TAROT: A Hierarchical Framework with Multitask Co-Pretraining on Semi-Structured Data towards Effective Person-Job Fit

Yihan Cao,Xu Chen,Lun Du,Hao Chen,Qiang Fu,Shi Han,Yushu Du,Yanbin Kang,Guangming Lu,Zi Li
2024-01-18
Abstract:Person-job fit is an essential part of online recruitment platforms in serving various downstream applications like Job Search and Candidate Recommendation. Recently, pretrained large language models have further enhanced the effectiveness by leveraging richer textual information in user profiles and job descriptions apart from user behavior features and job metadata. However, the general domain-oriented design struggles to capture the unique structural information within user profiles and job descriptions, leading to a loss of latent semantic correlations. We propose TAROT, a hierarchical multitask co-pretraining framework, to better utilize structural and semantic information for informative text embeddings. TAROT targets semi-structured text in profiles and jobs, and it is co-pretained with multi-grained pretraining tasks to constrain the acquired semantic information at each level. Experiments on a real-world LinkedIn dataset show significant performance improvements, proving its effectiveness in person-job fit tasks.

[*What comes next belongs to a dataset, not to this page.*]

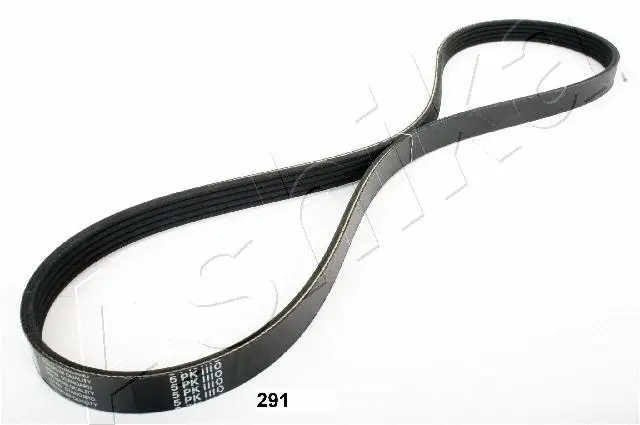 V-Ribbed Belt (96-02-291)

Computation and Language,Artificial Intelligence
What problem does this paper attempt to address?
The paper aims to address the issue of Person-Job fit in online recruitment platforms, particularly in leveraging textual information from user resumes and job descriptions. Traditional approaches mainly rely on user behavior features or job metadata, but with the development of online recruitment platforms like LinkedIn, large-scale textual information from user resumes and job descriptions has become increasingly important. However, existing large language models (such as BERT, GPT-3), although performing well in natural language processing, have limitations when dealing with structured texts in specific domains. They struggle to capture the unique structural information in resumes and job descriptions, leading to the loss of potential semantic associations. To address the above issues, the paper proposes the TAROT framework, a multi-level, multi-task collaborative pre-training framework designed to better utilize the structural and semantic information in resumes and job descriptions, generating more informative text embeddings. TAROT conducts multi-granularity pre-training tasks on semi-structured text data to constrain the semantic information obtained at each level. Experimental results show that TAROT significantly improves the performance of the Person-Job fit task on real-world LinkedIn datasets.